We must recall that the Indian freedom movement also had a self-conscious international dimension largely due to Nehru who imagined Indian independence as part, in fact as harbinger of worldwide, peaceful uprising against imperialism.

He deeply hated the 'strange ideology of Fascism and Nazism' and all its variants.

He was instrumental in leading Congress to strive for full independence instead of dominion status.

IMAGE: Nehru being sworn-in as the Republic of India's first prime minister by President Rajendra Prasad on January 30, 1950. Photograph: Fox Photos/Hulton Archive/Getty Images

It was not for nothing that Lee Kuan Yew described Nehru as the 'first of Afro-Asians'.

Along with this international perspective, Nehru acquired an authentic understanding of Indian traditions and cultures through deep study and constant political activism, he established a unique dialogue with his people.

The Hindutva right wing hates him, and beneath their hatred lurks a very deep fear of Nehru.

That is why, under the more strident Modi version of Hindutva, Nehru has almost become a contemporary political figure.

The ruling party knows that without total erasure and distortion of Nehru, their fantasies will always be wobbly.

Nehru had a forward-looking sense of history, he knew that 'you can not ignore your past and yet you can not live in it'.

He realised the importance of the nationalist sentiment as well as the possibility of it being used as a tool of most regressive and reactionary politics.

On one hand, he chided the communists for their lack of understanding regarding emotion of nationalism; on the other hand he constantly warned against communalism (which he saw as an Indian version of Fascism) masquerading as nationalism.

He used the metaphor of a palimpsest to describe Indian cultural experience, which conveys its historical dynamics much more convincingly than the better known metaphor of an ocean used by (Rabindranath) Tagore.

After the PM's announcement of installing a grand statue of Netaji Subhas Chandra Bose at India Gate, once again a lot of falsehoods are being spread about Nehru-Bose relations.
Why does it always have to be at the expense of Nehru that some other leader like Patel or Bose or Rajendra Prasad is honoured? Why can't they just say that they were great?
They have to add that Nehru 'disrespected' them and 'their contribution was more than him'.

I have partly answered this question above.

Due to pathetic fear of Nehru in their minds, no low is low enough to denigrate Nehru as a public figure and even as a human being.

Moreover, the petty minds find it very hard to understand the political differences going along with mutual affection and respect.

They opened the Netaji files with much fanfare and great expectations of denigrating Nehru and what they found there?

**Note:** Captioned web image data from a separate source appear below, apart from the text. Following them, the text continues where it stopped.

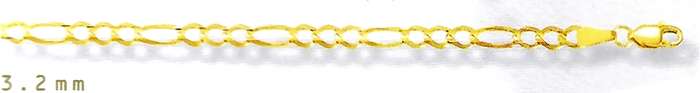 9ct gold CHAIN: 3+1 Figaro Larga, 3.2mm wide, 60cm
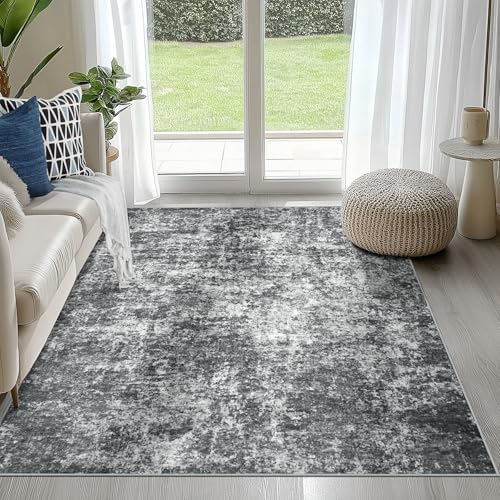 4x6 Area Rugs for Living Room Washable Bedroom Dining Room Black Grey by Aelenmu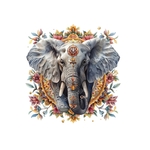 Elephant fleurs bijoux transfert thermocollant impression DTF flex textile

Nehru caring for and arranging for Netaji's wife and daughter without making an event of it.

Similarly, they won't care for Patel describing Nehru as the 'leader of our legions' or Rajendra Prasad taking the initiative of conferring the Bharat Ratna on him bypassing the usual protocol.

I would not be much bothered if all this was merely a spiteful denigration of an individual, but it is infinitely more insidious; Nehru's denigration is integral part of larger design of subverting the very notion of Indian nationhood and reconstructing Indian society as a nightmare of hate-filled fascistic fantasies characterised by constantly excitable and aggressive mindset and its violent manifestations.